What is expected: Count the lines below that hold the string "Design". Give only that number.

%%

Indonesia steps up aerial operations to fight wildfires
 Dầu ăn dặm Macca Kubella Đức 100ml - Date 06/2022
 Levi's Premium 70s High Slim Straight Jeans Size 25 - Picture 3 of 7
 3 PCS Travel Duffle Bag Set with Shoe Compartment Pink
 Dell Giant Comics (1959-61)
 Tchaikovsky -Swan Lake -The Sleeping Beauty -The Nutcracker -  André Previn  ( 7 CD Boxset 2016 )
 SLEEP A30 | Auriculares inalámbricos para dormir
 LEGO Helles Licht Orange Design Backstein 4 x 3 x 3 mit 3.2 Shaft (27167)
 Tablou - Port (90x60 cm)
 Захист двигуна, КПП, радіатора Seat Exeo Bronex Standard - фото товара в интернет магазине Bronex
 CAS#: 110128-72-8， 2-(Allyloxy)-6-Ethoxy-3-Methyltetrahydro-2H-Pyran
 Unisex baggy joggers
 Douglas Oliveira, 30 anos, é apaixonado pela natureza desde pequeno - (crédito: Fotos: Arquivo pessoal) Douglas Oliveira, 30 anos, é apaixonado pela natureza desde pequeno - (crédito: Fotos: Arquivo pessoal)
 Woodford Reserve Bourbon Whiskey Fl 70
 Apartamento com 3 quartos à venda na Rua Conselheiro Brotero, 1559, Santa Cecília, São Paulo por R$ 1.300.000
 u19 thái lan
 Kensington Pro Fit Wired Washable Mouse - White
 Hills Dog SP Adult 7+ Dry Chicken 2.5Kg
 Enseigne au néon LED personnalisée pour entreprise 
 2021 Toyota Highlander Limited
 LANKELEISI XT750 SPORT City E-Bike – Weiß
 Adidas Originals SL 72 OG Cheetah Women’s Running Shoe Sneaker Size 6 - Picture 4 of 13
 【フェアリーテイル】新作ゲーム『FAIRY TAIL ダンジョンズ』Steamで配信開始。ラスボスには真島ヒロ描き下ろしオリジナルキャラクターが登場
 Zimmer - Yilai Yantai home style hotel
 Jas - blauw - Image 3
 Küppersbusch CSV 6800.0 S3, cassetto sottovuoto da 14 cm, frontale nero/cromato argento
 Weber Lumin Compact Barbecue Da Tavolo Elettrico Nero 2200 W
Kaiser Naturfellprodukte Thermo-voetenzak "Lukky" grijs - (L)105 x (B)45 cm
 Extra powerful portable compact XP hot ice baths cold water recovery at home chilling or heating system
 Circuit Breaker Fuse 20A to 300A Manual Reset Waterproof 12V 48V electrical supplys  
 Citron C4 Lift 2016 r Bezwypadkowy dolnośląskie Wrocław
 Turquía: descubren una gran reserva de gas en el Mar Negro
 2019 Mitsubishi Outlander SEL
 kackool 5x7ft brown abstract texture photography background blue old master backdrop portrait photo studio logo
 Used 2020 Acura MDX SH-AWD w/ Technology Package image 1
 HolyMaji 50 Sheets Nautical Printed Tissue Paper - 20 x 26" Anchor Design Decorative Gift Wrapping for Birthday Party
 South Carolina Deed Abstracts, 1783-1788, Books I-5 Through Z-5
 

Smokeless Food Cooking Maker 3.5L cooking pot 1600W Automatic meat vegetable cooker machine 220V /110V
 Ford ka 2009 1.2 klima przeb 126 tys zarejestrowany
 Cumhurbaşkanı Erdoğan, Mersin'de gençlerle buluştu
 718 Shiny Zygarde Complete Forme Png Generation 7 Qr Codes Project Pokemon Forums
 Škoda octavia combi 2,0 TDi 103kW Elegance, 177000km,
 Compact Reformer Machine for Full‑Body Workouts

%%

Finished exercise: 2